# OTA HD channels without a locals sub



## uabcar (Dec 27, 2006)

Hi all- AVSforum pointed me here.

I recently subscribed to the Dish Bronze HD package for my HT room. Keeping TWC for most of the house and as such didn't subscribe to my locals via Dish.

I don't get NBC in HD from TWC and would like to pick it up OTA if possible. Based on what I've read here, the 211 can recieve OTA signals if connected to an HD antenna. 

So my question - Can I get OTA HD (which I know to be avail in my area) without a Dish Sub to my locals. Note that for some reason Local HD is not yet avail via Dish in my area. Based on what I've read, I think this will work but won't be able to see the guide data.

Thanks


----------



## Mikey (Oct 26, 2004)

Yes, the 211 can get digital OTA (not analog OTA) without having to sub to Dish locals. You're right that you won't get EPG data for your OTA locals.

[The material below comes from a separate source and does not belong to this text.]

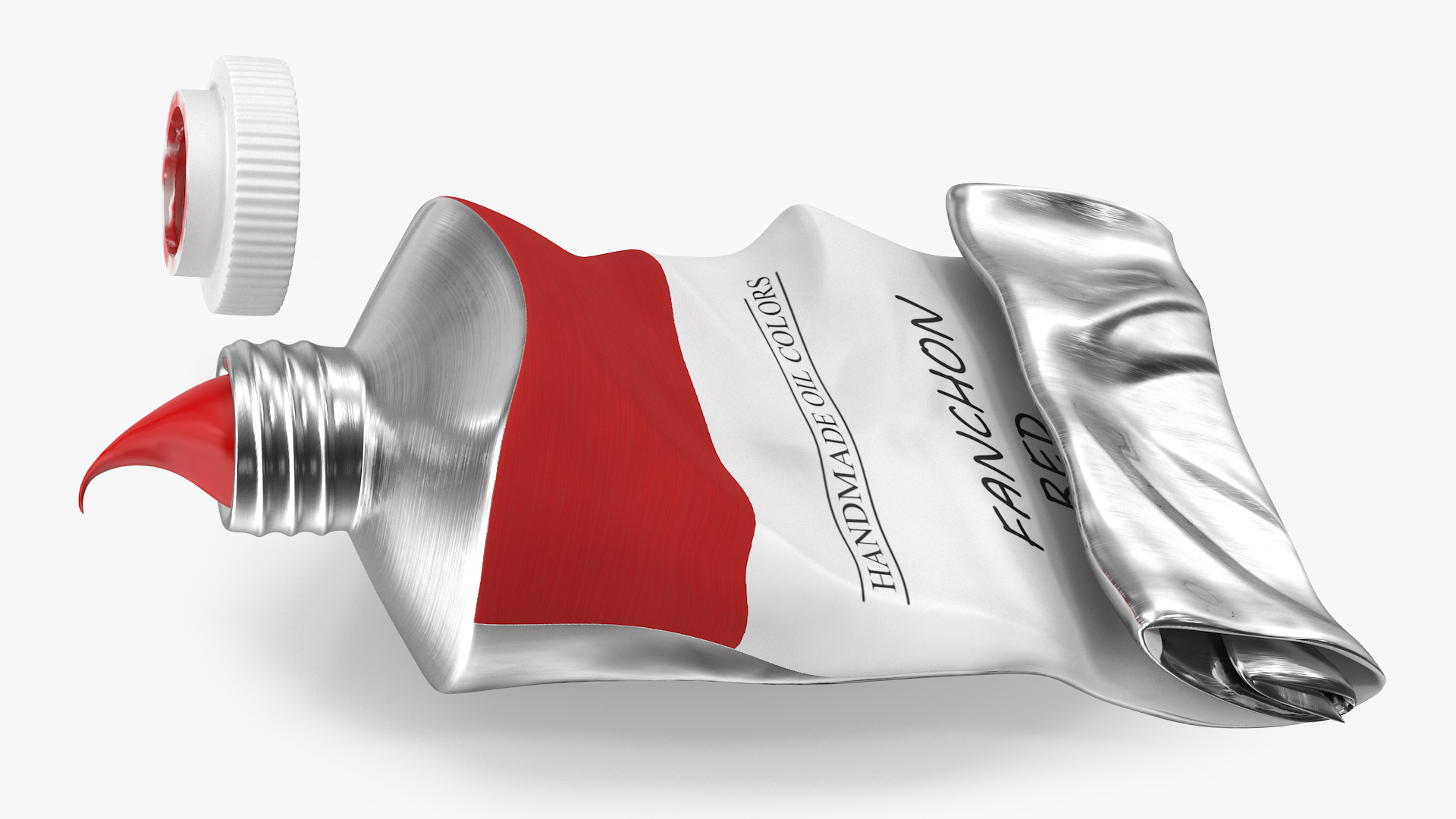 Red Oil Paint Tube Squeezed 3D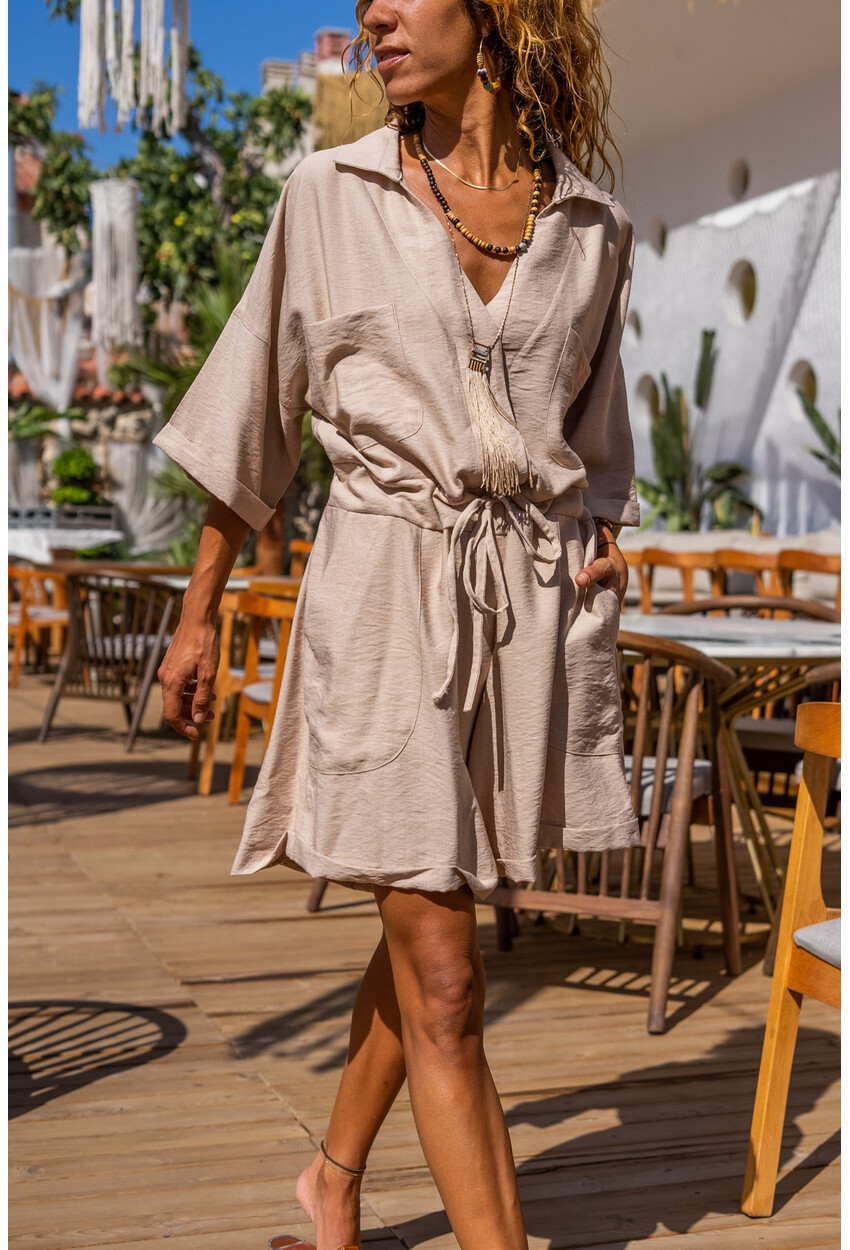 Womens Beige Waist Pleated Belted Double Pocket Loose Linen Jumpsuit BST3163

There is no such thing as an HD antenna. You might want to check antennaweb.org to see if there are any VHF digital stations that you want to receive. If not, you might be able to get by with a UHF only antenna. The Zenith Silver Sensor is a very good UHF indoor antenna.

And :welcome_s


----------



## uabcar (Dec 27, 2006)

Bought an antenna this evening. Did a quick hookup (in the basement) and did a scan. Picked up 13 stations. All seem to have pretty good signal strength- all above 70. Can't wait to mount it outside tomorrow. Bet I pick up several more stations once I can get the antenna out of the basement. BTW- I got the Philips MANT940. 

Thanks for the help.


----------



## PeeWee10 (Dec 13, 2006)

Did you mount the MANT940? If so, how improved was the reception and channel adds? (I bought this antenna as well...indoors, down low and about 25 miles from towers, reception is pretty good, but antenna placement is "touchy") ...thanks


----------